The same signal is written in 1 to A4 at a speed four times as high as the input signal speed. Further, the address counter 13 sequentially generates addresses repeated at the frame period of the transmission signal at four times the speed of the input signal, and the input signal is sequentially written twice from the address 0 to the active area for one frame. In addition, it is also written in the spare area twice.

When one frame is written, the RAM address is switched to the read side. This address is generated by the address control circuit 14. The double-written signal is output to the output port PO at a quadruple speed in the order of the current signal, the monitoring signal, the standby signal, and the monitoring signal. Normally, the output for the current signal and the output for monitoring are latched by the latch circuit 16 to obtain the output.

The two outputs are successively compared by the comparison circuit 15. If they do not match, a control pulse is generated to transmit the mismatched address to the address control circuit 14. Thereafter, the address control circuit 14 issues a latch timing generation circuit 17 so as to switch the output latch timing from the working state to the standby state for the address.
Control.

Therefore, in the event of a failure, the output for standby signal and the output for monitoring are latched by the latch circuit 16 to obtain an output.

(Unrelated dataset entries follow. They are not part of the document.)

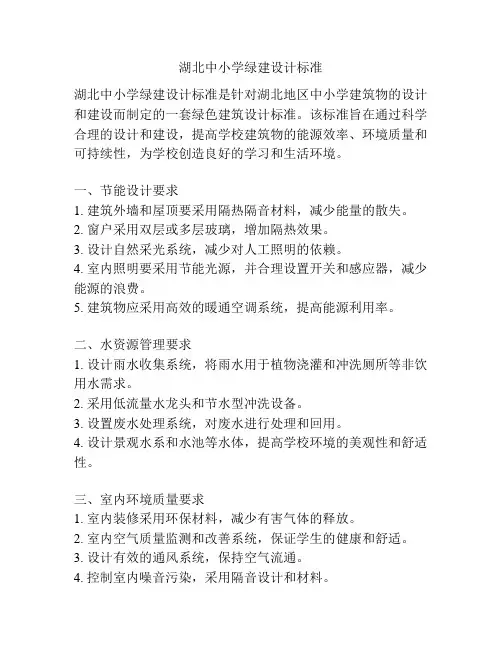 湖北中小学绿建设计标准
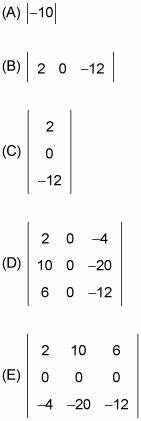 Four possible solutions of a multiplication of a horizontal matrix by a vertical matrix.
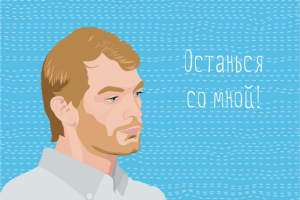 Джефри Даммер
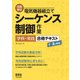 技能検定 電気機器組立て シーケンス制御作業 学科・実技 合格テキスト ―1～3級対応―（オーム社） [電子書籍]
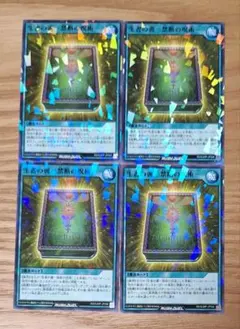 最強ジャンプ1月号付録　遊戯王　生者の書ー禁断の呪術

Also in the present embodiment, a pair of RAMs are operated in a complementary manner in a write / read mode at regular intervals to perform continuous processing, and another RAM is present.

〔The invention's effect〕

As described above, the present invention is configured such that two storage areas each forming a pair are provided in a storage element, and input signals are simultaneously stored in these storage areas.
A failure can be detected by comparing the signals stored in the two storage areas of the active system, and in that case, the storage area is changed to the two storage areas of the standby system so that the switching to the standby system is instantaneous. It is possible to operate the device even when the device does not have a spare configuration and even before the repair is performed, thereby avoiding disconnection of communication, and obtaining an economical and highly reliable signal processing device. be able to.

[Brief description of the drawings]

FIG. 1 is a block diagram of a first embodiment of the present invention, FIG. 2 is a block diagram of a second embodiment of the present invention, and FIG. 3 is a block diagram of a conventional signal processing device. 1,2 ... RAM, 3,4 ... Switcher, 5 ... Address counter, 6 ... Address control circuit, 7 ... Switching circuit, 11, 11A
… RAM, 12A, 12B… Switcher, 13… Address counter, 14… Address control circuit, 15… Comparison circuit, 16…
Latch circuit, 17 ... Latch timing generation circuit.

Claims (1)

(57) [Claims] 1. A signal processing apparatus comprising a storage element for storing a signal inputted in a fixed state, and outputting the stored signal in a predetermined state, wherein said storage element is a pair. It has a total of four storage areas consisting of a working signal storage area and a working monitoring area to be formed and a spare signal storage area and a spare monitoring area forming another pair, and is configured to simultaneously store input signals in the four storage areas. Means for selecting one of the working signal storage area and the protection signal storage area; means for selecting one of the working monitoring area and the protection monitoring area; and the pair selected by the selection means. Means for comparing the output read from the storage area or the output read from the other pair of storage lilia bit by bit; Signal processing apparatus characterized by comprising means for changing the storage area of one pair storing an input signal corresponding to the bit by work in a storage area of the other pair.